**Task description**. Return only the line containing "Relaxed couple talking" and each line after it, exactly as written, through the end of the records.

(Dataset entries)
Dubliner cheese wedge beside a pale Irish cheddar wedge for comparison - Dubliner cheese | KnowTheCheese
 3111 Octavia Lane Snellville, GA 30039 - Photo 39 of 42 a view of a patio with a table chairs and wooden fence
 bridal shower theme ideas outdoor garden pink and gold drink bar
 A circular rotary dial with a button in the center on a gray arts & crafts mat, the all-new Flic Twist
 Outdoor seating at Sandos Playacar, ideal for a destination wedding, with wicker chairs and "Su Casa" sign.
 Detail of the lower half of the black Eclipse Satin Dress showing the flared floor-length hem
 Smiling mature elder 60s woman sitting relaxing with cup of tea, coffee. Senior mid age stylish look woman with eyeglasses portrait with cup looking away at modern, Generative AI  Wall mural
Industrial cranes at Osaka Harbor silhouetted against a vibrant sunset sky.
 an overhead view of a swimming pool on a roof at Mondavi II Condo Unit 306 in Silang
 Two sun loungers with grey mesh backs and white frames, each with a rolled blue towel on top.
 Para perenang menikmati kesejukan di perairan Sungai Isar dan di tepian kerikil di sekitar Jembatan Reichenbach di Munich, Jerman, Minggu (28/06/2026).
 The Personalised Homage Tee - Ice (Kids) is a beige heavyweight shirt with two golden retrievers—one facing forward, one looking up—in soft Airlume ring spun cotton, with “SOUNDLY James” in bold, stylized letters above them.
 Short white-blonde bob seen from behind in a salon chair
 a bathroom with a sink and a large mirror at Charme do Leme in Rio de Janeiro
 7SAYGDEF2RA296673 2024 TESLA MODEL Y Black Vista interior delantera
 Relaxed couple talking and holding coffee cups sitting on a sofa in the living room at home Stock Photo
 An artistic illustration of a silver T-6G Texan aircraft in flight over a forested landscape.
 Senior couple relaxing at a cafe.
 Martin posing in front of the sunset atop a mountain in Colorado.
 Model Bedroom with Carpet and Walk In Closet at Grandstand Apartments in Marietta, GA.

**Written solution**.
 Relaxed couple talking and holding coffee cups sitting on a sofa in the living room at home Stock Photo
 An artistic illustration of a silver T-6G Texan aircraft in flight over a forested landscape.
 Senior couple relaxing at a cafe.
 Martin posing in front of the sunset atop a mountain in Colorado.
 Model Bedroom with Carpet and Walk In Closet at Grandstand Apartments in Marietta, GA.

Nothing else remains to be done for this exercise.